- WORK REQUEST: From the data below, retype exactly the lines starting with the one that contains "Bride in lace" and ending with the one that contains "May include: A", both included.

- DATA FOR THE TASK:
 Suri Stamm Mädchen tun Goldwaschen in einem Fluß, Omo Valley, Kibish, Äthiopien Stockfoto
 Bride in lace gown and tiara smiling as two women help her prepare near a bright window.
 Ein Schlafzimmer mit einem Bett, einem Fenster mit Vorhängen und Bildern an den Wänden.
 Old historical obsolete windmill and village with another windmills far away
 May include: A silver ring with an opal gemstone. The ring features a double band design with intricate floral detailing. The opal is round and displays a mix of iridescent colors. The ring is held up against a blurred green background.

* * *

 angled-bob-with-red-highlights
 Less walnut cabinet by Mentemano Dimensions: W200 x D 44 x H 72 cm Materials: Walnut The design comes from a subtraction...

- OUTPUT FOR THIS TASK:
 Bride in lace gown and tiara smiling as two women help her prepare near a bright window.
 Ein Schlafzimmer mit einem Bett, einem Fenster mit Vorhängen und Bildern an den Wänden.
 Old historical obsolete windmill and village with another windmills far away
 May include: A silver ring with an opal gemstone. The ring features a double band design with intricate floral detailing. The opal is round and displays a mix of iridescent colors. The ring is held up against a blurred green background.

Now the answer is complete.